Friday, Feb. 21, 1964
Ready for Anything
Whatever Fidel Castro may have had in mind with his water war against Guantanamo, the U.S. last week moved to make the Navy base "a little more ready" for any eventuality.
To Westinghouse Electric Corp. went a $4,000,000 contract for a saltwater conversion plant capable of producing 1,000,000 gal. of fresh water per day; a new catchment basin to collect rain water will also be built, along with an underground reservoir holding 4,000,000 gal. in reserve. By August "Gitmo" will be self-sufficient, no longer concerned about the Cuban waterworks that Castro shut off in reprisal for the seizure of four Cuban fishing boats violating Florida waters.
Even if Castro turns the water on again, the Navy will not use a drop. Nor will it continue to employ most of the 2,500 Cuban workers who commute daily to the base. Last week the first 500 Cubans were dismissed. Furthermore, no more U.S. dependents will be allowed at Guantanamo, once considered about the sunniest assignment a Navy man and his family could draw.
The 3,000 women and children already there will be withdrawn by normal rotation. By early 1966, Gitmo will be in a class with such bleak outstations as Thule and Antarctica--a "hardship post," with tours of duty reduced from two years to one.
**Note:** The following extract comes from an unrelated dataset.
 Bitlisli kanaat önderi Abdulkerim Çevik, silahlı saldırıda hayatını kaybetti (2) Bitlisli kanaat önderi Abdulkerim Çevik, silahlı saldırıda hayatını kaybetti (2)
Another Panama? The orders might seem overly severe. But Washington still believes Castro may be working himself up to a major, Panama-style confrontation over Guantanamo. Immediately after the Jan. 9 Canal Zone riots, Castro's radio started appealing to Cuban workers on the base to return to the "motherland." A few weeks ago, Havana's propagandists railed that "drunken U.S. Marines indiscriminately fired their machine guns at Cuban workers." Castro militiamen have resumed their rock-throwing at U.S. sentries, recently fired a burst of machine-gun fire over the heads of a Marine squad inside the fence.
Some Castrologists argue that if Cuba is actually setting the stage for a direct challenge to Guantanamo, the U.S. is overreacting by putting the base on ready status. Though Castro denies the legality of the 1903 agreement, by which Cuba leased Guantanamo to the U.S. for an indefinite period, and has not cashed any of the checks (a nominal $3,386 per year) that the U.S. pays as rent, he has never interfered with workers on the base--thus, in effect, agreeing that the U.S. has a right to be there. By firing the workers, goes the argument, the U.S. itself tends to abrogate the agreement.
"We Will Remain." The State Department, however, considers all such arguments extraneous. A 1934 treaty clearly states that there can be no change in the status of Guantanamo without the specific consent of both sides. And on Guantanamo the U.S. has no intention of sitting down to negotiate with Castro. Said Secretary of State Dean Rusk: "We are in Guantanamo and will remain there for the foreseeable future. We shall certainly not discuss the future of Guantanamo with a regime that does not speak for the Cuban people and that has been unanimously condemned by the governments of this hemisphere."
A five-nation investigating team from the Organization of American States wound up a month-long study of aggression charges brought by the government of Venezuela against Cuba. The Venezuelans made the accusation after uncovering a three-ton cache of smuggled arms with Cuban markings, produced other evidence that Castro's Communist regime was beaming in subversive radio propaganda, training guerrillas and financing terrorist operations. On all four counts, the OAS team found the evidence overwhelming. The Venezuelans will now press for collective OAS sanctions against Cuba under the Rio Treaty.